I Was a Bride, But I Didn’t Feel Good Enough to Be One

Being engaged was beyond surreal for me. Growing up I thought no one could ever love me, so I didn’t dream about my wedding. I used to self-sabotage when dating and went for the emotionally unavailable men.

Now, I see that deep inside I didn’t feel worthy of being loved. I thought that as soon as I’d open up about childhood sexual abuse, I’d be left.

Fast forward to engaged life, I felt like I was not cool enough to be a bride. I didn’t have my life all together. I didn’t bake cookies all the time. I didn’t feel as beautiful as other brides. I wasn’t the image society gives you as the “perfect wife.”

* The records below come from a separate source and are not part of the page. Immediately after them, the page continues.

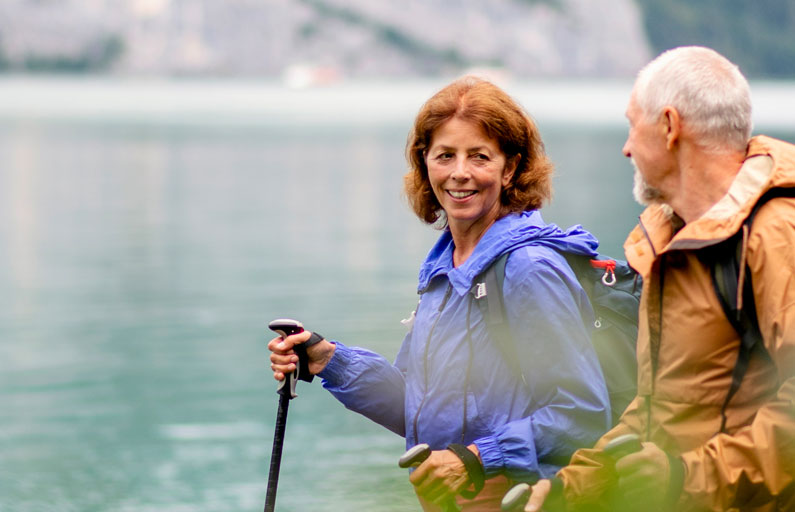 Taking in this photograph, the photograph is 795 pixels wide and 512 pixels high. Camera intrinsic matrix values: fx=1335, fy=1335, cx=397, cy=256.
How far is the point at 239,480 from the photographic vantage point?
277 inches

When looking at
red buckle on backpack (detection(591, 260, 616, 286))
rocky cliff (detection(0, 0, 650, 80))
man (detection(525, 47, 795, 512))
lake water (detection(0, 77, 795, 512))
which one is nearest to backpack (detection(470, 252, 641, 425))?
red buckle on backpack (detection(591, 260, 616, 286))

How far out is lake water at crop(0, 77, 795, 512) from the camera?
7078 mm

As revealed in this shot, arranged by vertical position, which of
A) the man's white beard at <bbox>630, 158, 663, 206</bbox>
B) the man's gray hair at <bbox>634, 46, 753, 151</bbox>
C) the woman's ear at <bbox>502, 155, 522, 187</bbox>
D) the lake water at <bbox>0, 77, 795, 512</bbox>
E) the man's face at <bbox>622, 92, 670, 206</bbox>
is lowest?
the lake water at <bbox>0, 77, 795, 512</bbox>

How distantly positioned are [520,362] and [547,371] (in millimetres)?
67

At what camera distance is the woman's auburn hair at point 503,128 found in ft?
10.5

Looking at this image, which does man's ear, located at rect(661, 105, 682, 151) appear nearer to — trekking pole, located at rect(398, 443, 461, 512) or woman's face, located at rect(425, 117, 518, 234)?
woman's face, located at rect(425, 117, 518, 234)

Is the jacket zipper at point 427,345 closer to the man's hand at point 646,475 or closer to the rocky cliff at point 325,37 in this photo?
the man's hand at point 646,475

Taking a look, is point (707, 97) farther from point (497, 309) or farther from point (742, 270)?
point (497, 309)

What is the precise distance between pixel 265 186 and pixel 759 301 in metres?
27.7

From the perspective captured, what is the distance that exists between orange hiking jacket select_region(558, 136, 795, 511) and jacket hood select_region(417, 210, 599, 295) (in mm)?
379

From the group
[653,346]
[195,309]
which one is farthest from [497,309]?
[195,309]

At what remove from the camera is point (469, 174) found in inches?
127

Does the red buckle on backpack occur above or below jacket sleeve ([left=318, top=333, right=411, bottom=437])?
above

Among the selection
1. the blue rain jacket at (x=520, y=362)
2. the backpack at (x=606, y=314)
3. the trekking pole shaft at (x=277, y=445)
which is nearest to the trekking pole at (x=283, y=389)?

I was also dealing with anxiety and depression related to the past. I thought that by the time I was getting married I’d be “over it,” but I wasn’t, so I felt like there was something wrong with me.

If any of this resonates with you, to you I say:

You are beautiful and there is no one like you on this planet. Your fiancé wants to marry YOU. You ARE a bride. Seek help if you are struggling with heightened anxiety or depression. You are not alone and there is nothing wrong with you. Your nervous system is stuck in survival mode and there’s a way for you to feed it healthy new patterns so that you can be present + enjoy the transition into marriage.